You Shall Not Commit Adultery
You Shall Not Commit Adultery
by William Klock
If you’ve got your Bibles, turn to Exodus 20:14 as we continue our study of Exodus and the Decalogue—the “Ten Words” or “Ten Commandments”. The Lord gave the torah—the law—to Moses to deliver to the Israelites, but these ten words he spoke directly to the Israelites themselves from Mt. Sinai. This is the core of the law. This is the core of their covenant with the Lord. These were the conditions under which they were to live in the land—his land—into which he was taking them.
The first four words pertain to the relation of the people to the Lord. We often call that the “First Table”. The “Second Table”, the remaining six, pertain to the relation of the people to each other. And yet both tables are interconnected. It all stems from the Lord’s call to single-minded and whole-hearted devotion to him and him alone. And do you remember why? Because, as the Lord spoke in verse 1: “I am the Lord your God, who brought you out of the land of Egypt, out of the house of slavery.” The Lord had shown his commitment and his love to them. The law he gave shows how they are to reciprocate his commitment and love in return. “I will be your God and you will be my people.” That’s what this is about.

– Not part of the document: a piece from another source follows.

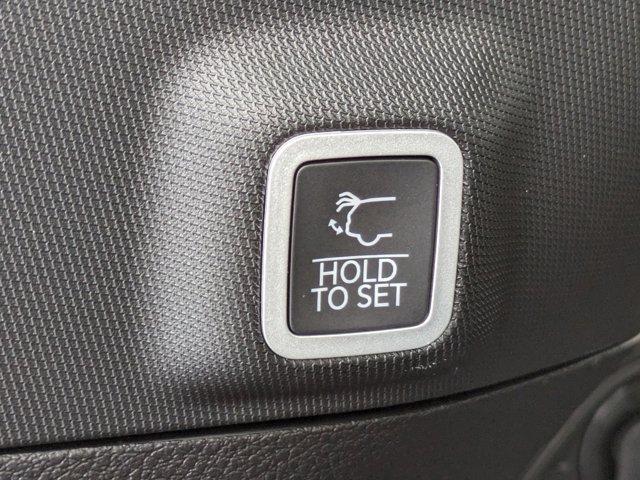 new 2025 Jeep Grand Cherokee car, priced at $41,877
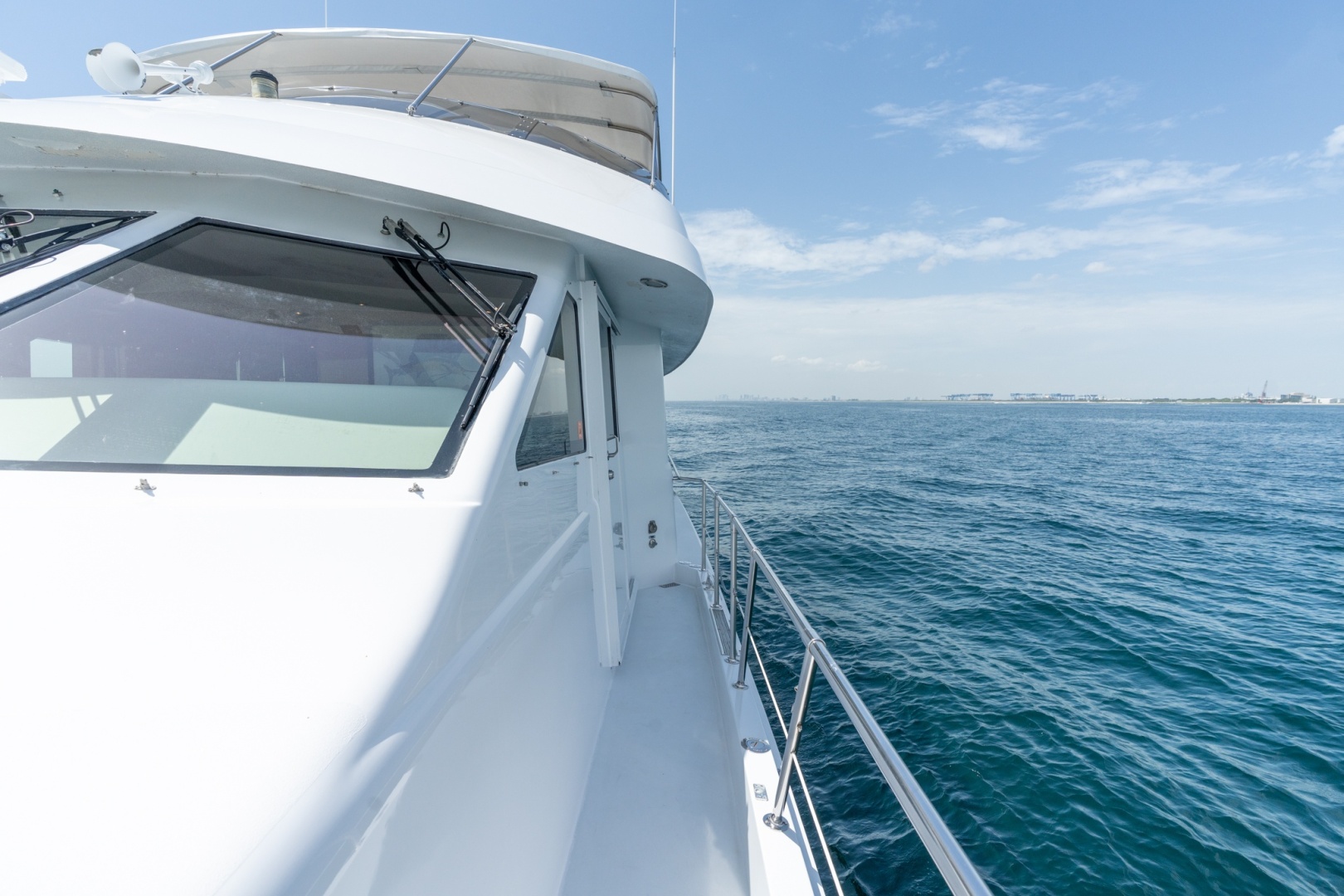 Hatteras 75 Sport Deck — Island Dancer - Photo 21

And so today we come to the seventh word or commandment. Look at Exodus 20:14. It says:
You shall not commit adultery.
It’s another short one, just like last week’s commandment. Again, in Hebrew, it’s just two words: “No” and “commit adultery”. But what did it mean to the Israelite? We need to know what the Lord was saying to them before we apply it to ourselves. And, once again, when we look at the language and the historical and cultural context, we’ll see that what this meant to the Israelites was somewhat different than what it may look like to us at face value. It’s important to remember that what was important to them and the reasons why things were important to them aren’t necessarily the same things that are important to us. As I’ve said before, we tend to evaluate what is good based on whether or not it makes us happy. They tended to evaluate what was good based on whether or not it maintained order. We’re talking about marriage here. Our highest value in marriage is love—and particularly the warm feelings we personally feel towards another person. That’s the main reason most people get married in our culture. Procreation is secondary—or maybe even less important than that for most people. Even things like compatibility don’t matter much to many. And family? Family usually has nothing to do with it. We make our own choices about whom we marry. We marry primarily based on our feelings. And if something gets in the way or someone objects, we ignore them, side-line them, or steam-roll right over them.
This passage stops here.